*To do*
Leaving pictures aside, set down each line exactly, from the first line of the data to the line with "Access Panel for", both included.

*Supplied material*
○ ○ ○ ○ ○ ○ ○

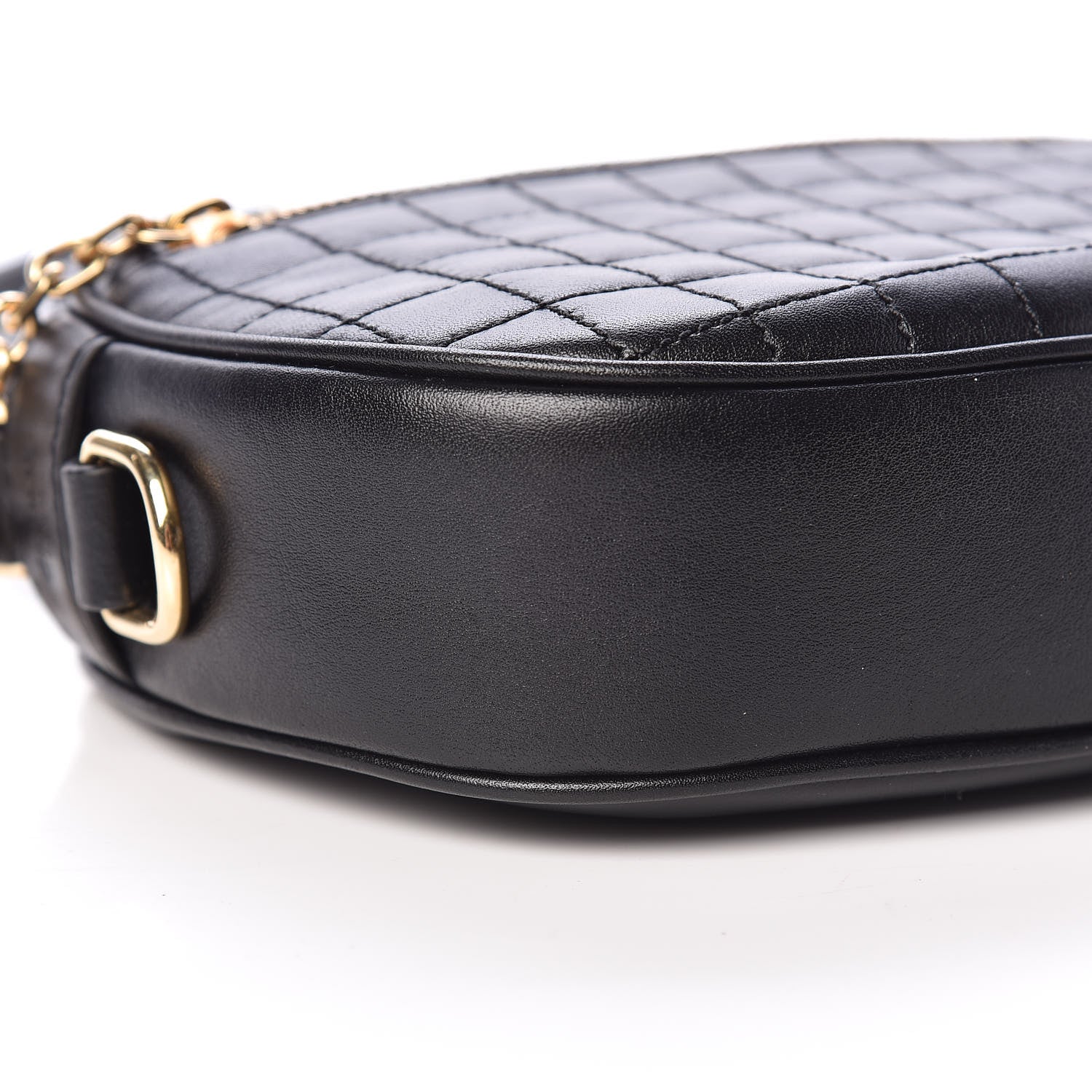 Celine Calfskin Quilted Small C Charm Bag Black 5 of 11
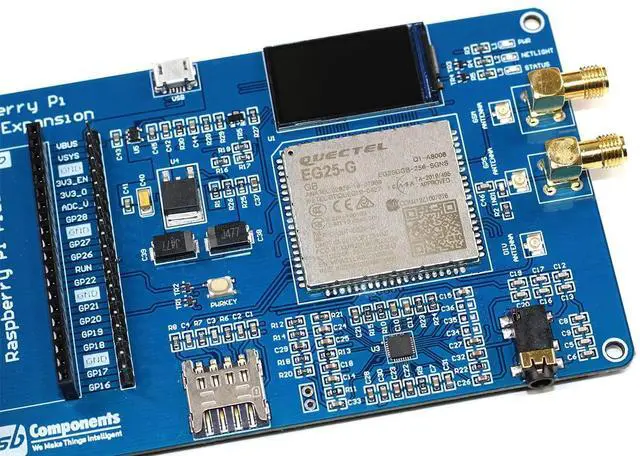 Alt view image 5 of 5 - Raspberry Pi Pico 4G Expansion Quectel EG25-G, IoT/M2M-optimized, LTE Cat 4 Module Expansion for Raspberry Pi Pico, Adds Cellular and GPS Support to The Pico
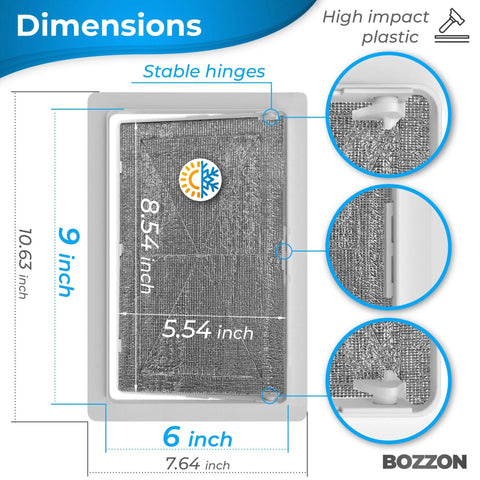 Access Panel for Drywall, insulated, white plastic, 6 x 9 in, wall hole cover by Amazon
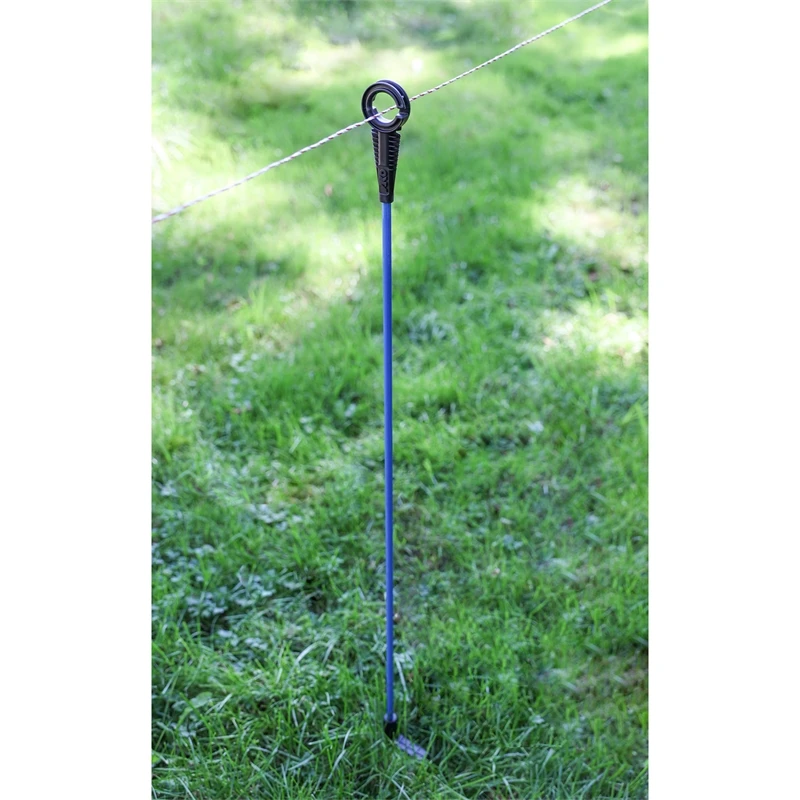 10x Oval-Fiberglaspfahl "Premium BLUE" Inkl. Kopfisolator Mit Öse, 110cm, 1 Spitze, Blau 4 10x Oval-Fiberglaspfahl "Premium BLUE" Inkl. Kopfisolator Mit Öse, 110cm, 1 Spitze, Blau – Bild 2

○ ○ ○ ○ ○ ○ ○

*Response for this exercise*
 Celine Calfskin Quilted Small C Charm Bag Black 5 of 11
 Alt view image 5 of 5 - Raspberry Pi Pico 4G Expansion Quectel EG25-G, IoT/M2M-optimized, LTE Cat 4 Module Expansion for Raspberry Pi Pico, Adds Cellular and GPS Support to The Pico
 Access Panel for Drywall, insulated, white plastic, 6 x 9 in, wall hole cover by Amazon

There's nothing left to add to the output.